Manual Speech Signal-to-Symbol Transformation

The main objective of this experiment is to make the student understand and appreciate the difficulties in automating the task of speech signal-to-symbol transformation. The students are expected to understand terms such as phones, phonemes, syllables, transliteration, pitch or fundamental frequency, quasi-periodicity. The student should gain a good understanding of the speech signal by visual inspection. Given a speech waveform one should be able to discriminate between silence and speech, voiced speech and unvoiced speech. The student should be able to draw the speech waveform for a given word with appropriate time durations and relative amplitudes of the constituent phones.

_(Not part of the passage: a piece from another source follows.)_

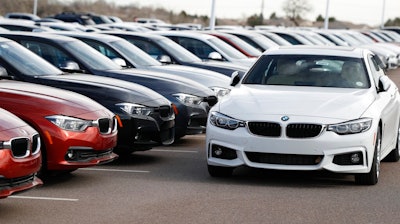 This Jan. 13, 2019, file photo shows a lineup of 3 Series sedans at a BMW dealership in Highlands Ranch, Colo. BMW offers free maintenance but the duration in 2019 isn't as generous as it used to be.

Write down a sentence in any Indian language, preferably your native language, on a piece of paper or your note book. Also, write down the sentence in English the way you would probably write it if you were writing a mail to your friend in your language

Eg: Let us consider a sentence in Hindi:

Utt #1: भारत हमारा देश है

Transliteration in English: Bharat hamara desh hai

or in Telugu: భారత్ హమారా దేశ్ హై

Utt #2: శ్రీ ఎం వెంకయ్య నాయుడు చెప్పెరు

Transliteration in English: Shri M. Venkaiahnaidu chepperu Transliteration

Transliteration is the process of writing one language using the script of another language. For example, the Hindi utterance considered earlier is also written in English alphabets. The primary advantage of writing Hindi or any other Indian languages in English is that one can read it on a computer even if fonts for Devanagari (Hindi or Sanskrit script) or other Indian languages are not installed or rendered properly. Also, it is easier to write and debug programs using these English alphabets, till the time Indian language support for computers becomes widespread. In such a scenario, all softwares on our computer will be in our native script and one can write programs using our native script instead of English.

The transliteration of the Hindi utterance given above (written using English alphabets or Latin script) uses a convention to write down Hindi alphabets in English. Eg. 'Bha' is used for 'भा'. Somebody else may write it as 'Bhaa' or 'BhA' or 'bhaa' or 'bhA' so that the long vowel 'aa' or 'A' can be easily discriminated from its short vowel 'a'. Also note that 'bh' is used to denote the aspirated sound so as to discriminate from its unaspirated counterpart 'b'. It is fine as long as it does not conflict with any other alphabet which may lead to ambiguity. The point here is that, there is a need for a common rule or convention, if followed by every one, makes life easier and avoids confusion during discussions or when programs are shared. ITRANS code is one such convention used to write Indian language alphabets in English.

Transliteration in English: Bharat hamara desh hai

Transliteration in ITRANS: sri em venkayyanayudu chepperu Recording and studying the speech signal

Record a speech utterance using any sound recording utility at a sampling rate of 8 kHz or 16 kHz, at 16 bits per sample. A recording utility is provided in the experiment section as part of this virtual lab, which by default records records at 8 kHz and 16 bits per sample. Some of the other recording utilities that can be used for offline recording are wavesurfer, audacity or praat, which can be freely downloaded from the net.

It is assumed that the sound card is configured properly on your machine and you are able to record and playback audio signals.

Display the recorded speech signal using any waveform analysis utility. Zoom in, select and listen to shorter segments of the speech waveform. Try to identify regions of speech and nonspeech (silence) by visual inspection.